> _Work request_:
Pictures aside, repeat the whole listing word for word.

> _Data listing_:
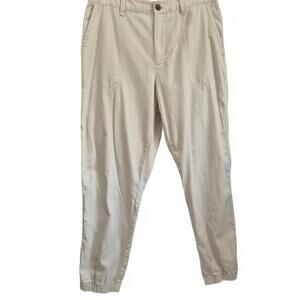Gap The Girlfriend Jogger Color Cream Patch Pocket Pant Rear Elastic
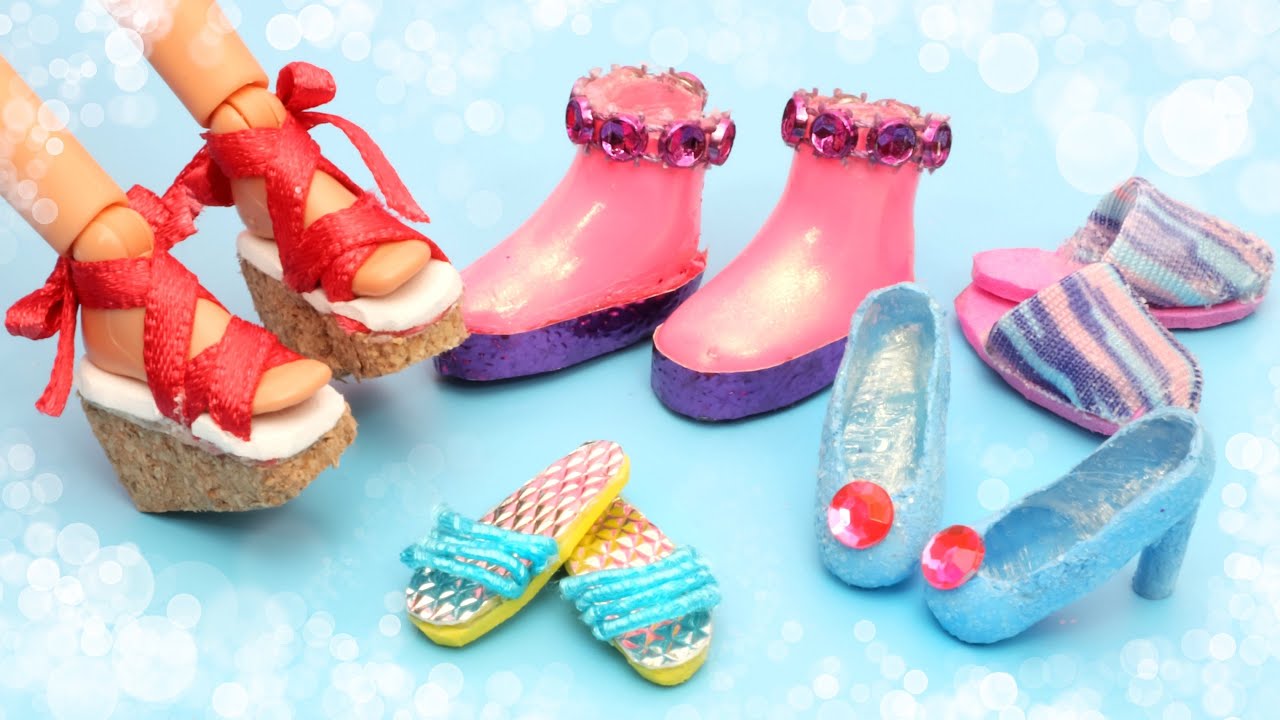 5 DIY Miniature Barbie Shoes - How to Make Doll Miniatures Tutorial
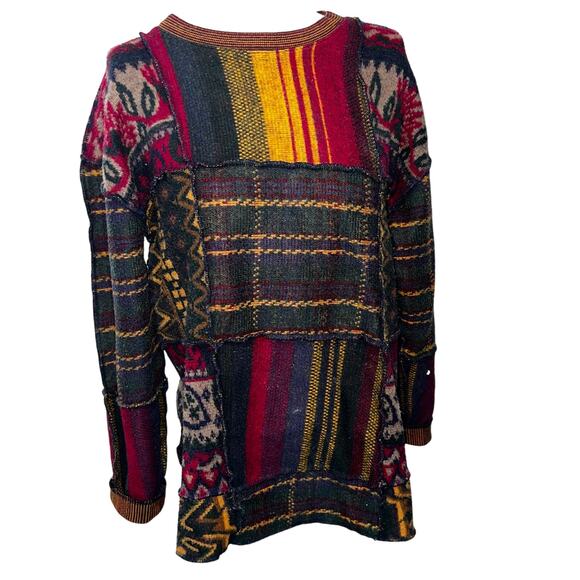 Vintage Stefano 80s/90s women's quilt block crewneck acrylic sweater size small - Picture 7 of 7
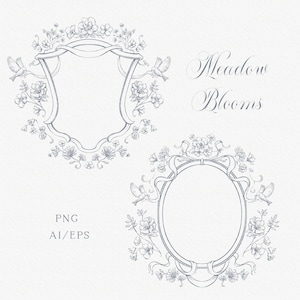 Floral Bird Crest, Chinoiserie Female Branding Logo (PNG, AI, EPS)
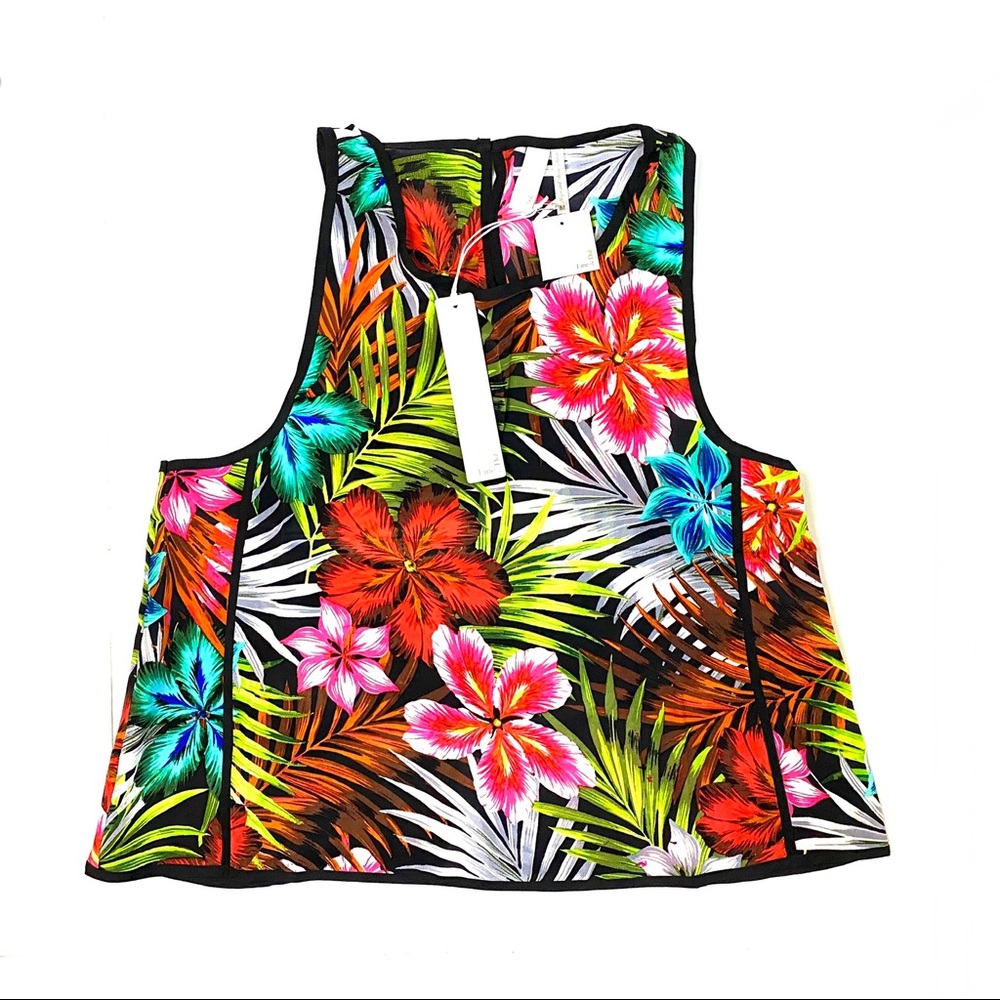 Line&Dot Tropical Floral Racer Back Crop Tank Top
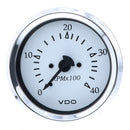 VDO Cockpit Marine 85MM (3-3/8") Diesel Tachometer - 4000 RPM - White Dial/Chrome Bezel  [333-15273] - Essenbay Marine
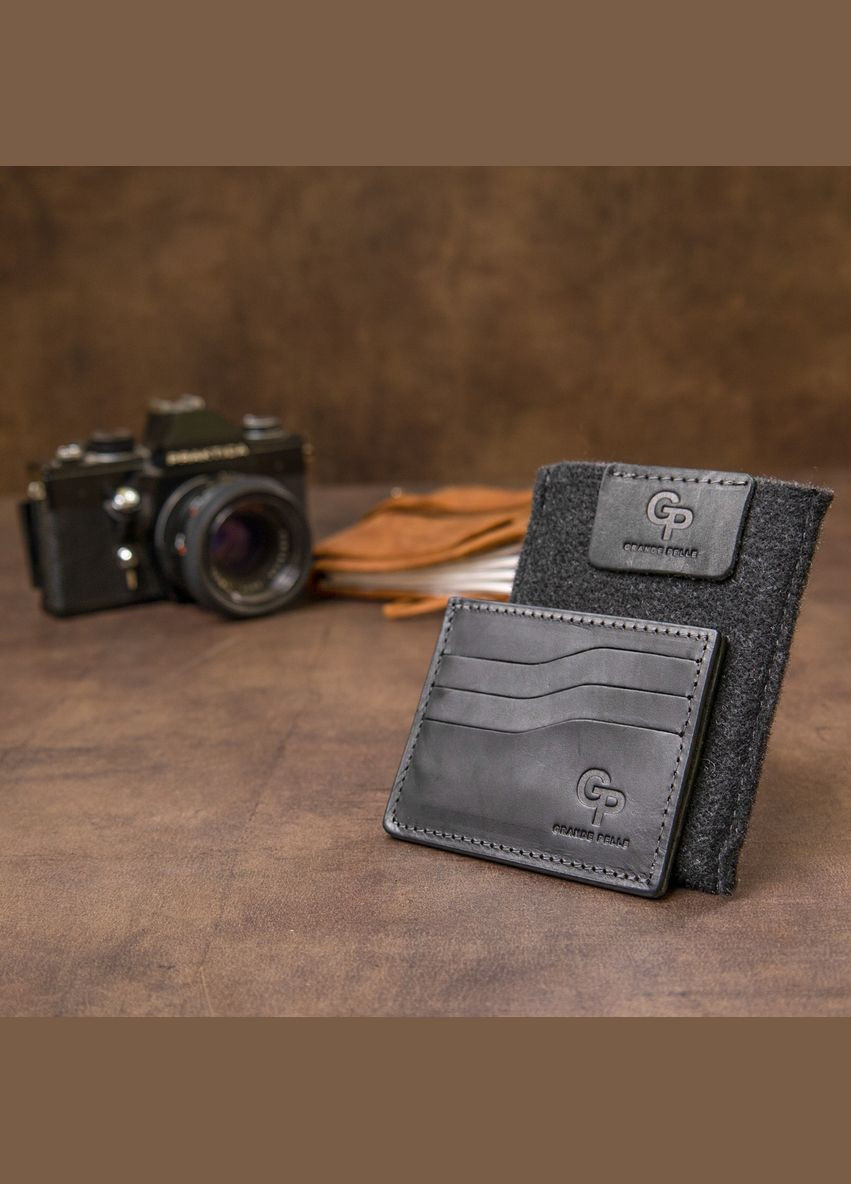 Практичный кожаный картхолдер 11499 Черный Grande Pelle (331908356)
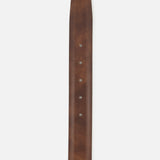 A dark chocolate brown LEN Belts Marbled Calf Belt with a subtle marbled texture and a series of adjustment holes.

> _Reply to the exercise_:
Gap The Girlfriend Jogger Color Cream Patch Pocket Pant Rear Elastic
 5 DIY Miniature Barbie Shoes - How to Make Doll Miniatures Tutorial
 Vintage Stefano 80s/90s women's quilt block crewneck acrylic sweater size small - Picture 7 of 7
 Floral Bird Crest, Chinoiserie Female Branding Logo (PNG, AI, EPS)
 Line&Dot Tropical Floral Racer Back Crop Tank Top
 VDO Cockpit Marine 85MM (3-3/8") Diesel Tachometer - 4000 RPM - White Dial/Chrome Bezel  [333-15273] - Essenbay Marine
 Практичный кожаный картхолдер 11499 Черный Grande Pelle (331908356)
 A dark chocolate brown LEN Belts Marbled Calf Belt with a subtle marbled texture and a series of adjustment holes.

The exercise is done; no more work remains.